• WORK REQUIRED:
In the records below, find the line holding "Property photo 1" and the line holding "Shower in Udare - Basque Stay". Set down both, with every line between them, exactly.

GIVEN RECORDS Block Start

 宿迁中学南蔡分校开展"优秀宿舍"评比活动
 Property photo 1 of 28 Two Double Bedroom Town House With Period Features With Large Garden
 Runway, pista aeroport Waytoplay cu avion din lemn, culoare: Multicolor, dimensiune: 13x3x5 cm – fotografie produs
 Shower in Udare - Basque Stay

GIVEN RECORDS Block End
GIVEN RECORDS Block Start

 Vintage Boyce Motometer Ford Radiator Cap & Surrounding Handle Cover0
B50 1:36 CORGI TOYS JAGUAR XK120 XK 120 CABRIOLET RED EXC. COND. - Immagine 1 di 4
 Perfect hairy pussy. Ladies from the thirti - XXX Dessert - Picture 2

GIVEN RECORDS Block End
GIVEN RECORDS Block Start

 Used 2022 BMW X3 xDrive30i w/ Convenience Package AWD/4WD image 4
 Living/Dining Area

GIVEN RECORDS Block End

• RESPONSE BOX:
 Property photo 1 of 28 Two Double Bedroom Town House With Period Features With Large Garden
 Runway, pista aeroport Waytoplay cu avion din lemn, culoare: Multicolor, dimensiune: 13x3x5 cm – fotografie produs
 Shower in Udare - Basque Stay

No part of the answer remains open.